Three charges are fixed to an xy coordinate system. A charge of +25C is on the y axis at y = +2.7 m. A charge of -16C is at the origin. Lastly, a charge of +66C is on the x axis at x = +2.7 m. Determine (a) the magnitude and (b) direction of the net electrostatic force on the charge at x = +2.7 m.
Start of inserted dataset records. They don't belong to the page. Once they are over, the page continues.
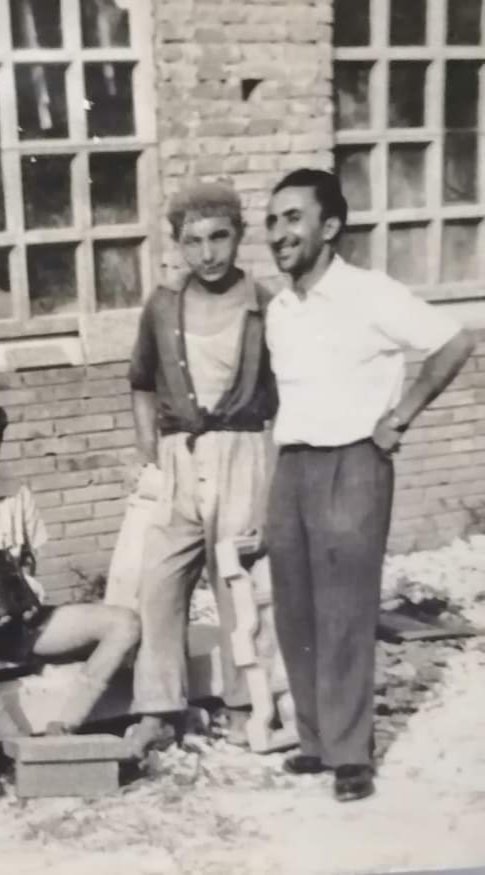 Come ogni anni posto questa foto.
Mio papà, 12 anni, garzone da un muratore, avrebbe voluto andare a scuola ma la famiglia era numerosa e c'era tanta miseria.
È morto per un mesotelioma da amianto.
È morto PER il lavoro.
Lui e tanti altri.
Di lavoro a volte si muore.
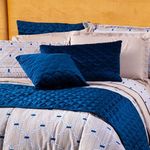 Kit De Peseira Para Cama Florence Azul Marinho Com Fronhas E Almofada 04 Peças - Tecido Veludo Macio Caminho De Cama
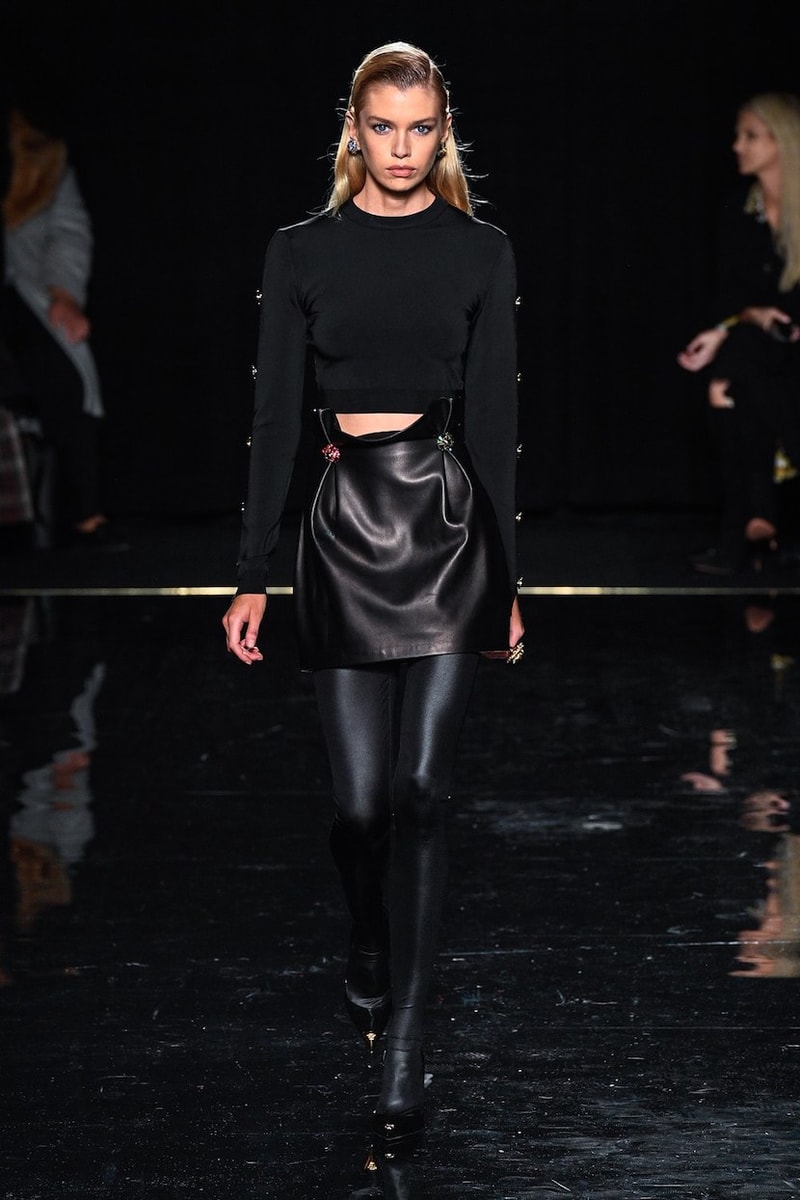versace last show pre-fall 2019 runway looks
Specify the direction as a positive angle relative to the +x axis.
To determine the net electrostatic force on the charge at x = +2.7 m, we need to calculate the individual forces exerted on it by the other charges and then find the vector sum of these forces.
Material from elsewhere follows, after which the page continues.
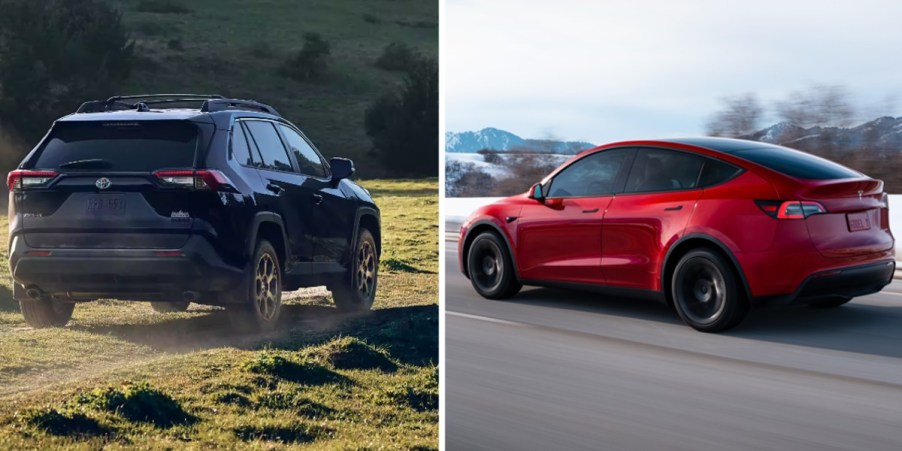 Blue Toyota RAVA4 (L), Red Tesla Model Y (R).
Let's consider the charges one by one:
1. The charge at (+25C) on the y-axis at y = +2.7 m:
- The distance between this charge and the charge at x = +2.7 m is the hypotenuse of a right triangle.
- Using the Pythagorean theorem, we can calculate the distance as follows:
distance = sqrt((2.7 m)^2 + (2.7 m)^2) = sqrt(2 * (2.7 m)^2) = 2.7 m * sqrt(2).
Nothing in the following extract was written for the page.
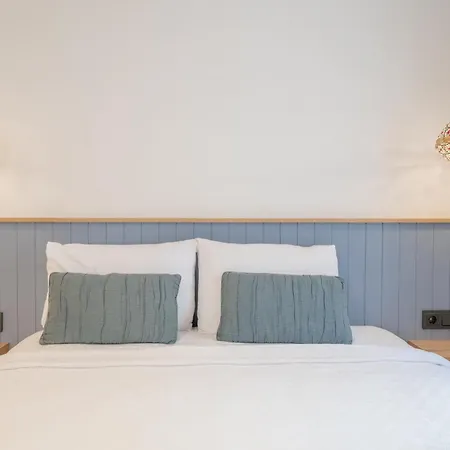 Bella Bed & Breakfast *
- The magnitude of the force exerted by this charge on the charge at x = +2.7 m is given by Coulomb's Law:
force_1 = (k * |q1| * |q2|) / distance^2,
where k is the electrostatic constant (approximately 9 × 10^9 N m^2/C^2), |q1| is the magnitude of the charge at +25C, |q2| is the magnitude of the charge at x = +2.7 m.
2. The charge at (-16C) at the origin:
- The distance between this charge and the charge at x = +2.7 m is simply the x-coordinate of the latter.
- The magnitude of the force exerted by this charge on the charge at x = +2.7 m is given by Coulomb's Law:
force_2 = (k * |q1| * |q2|) / distance^2,
where distance is the x-coordinate of the charge at x = +2.7 m.
3. The charge at (+66C) on the x-axis at x = +2.7 m:
- The distance between this charge and the charge at x = +2.7 m is the difference between their y-coordinates.
- The magnitude of the force exerted by this charge on the charge at x = +2.7 m is given by Coulomb's Law:
force_3 = (k * |q1| * |q2|) / distance^2,
where distance is the difference between their y-coordinates.
Now, we need to calculate the net force by adding these forces as vectors. Since they are in different directions, we need to consider their components.
The x-component of the net force is given by:
Fx = force_2 - force_3.
The y-component of the net force is given by:
Fy = force_1.
Finally, the magnitude of the net force (Fnet) can be calculated using the Pythagorean theorem:
Fnet = sqrt(Fx^2 + Fy^2).
The direction of the net force relative to the +x axis can be determined using the arctan function:
θ = arctan(Fy / Fx).
By plugging in the appropriate values for the charges and distances, you can calculate the magnitude and direction of the net electrostatic force on the charge at x = +2.7 m.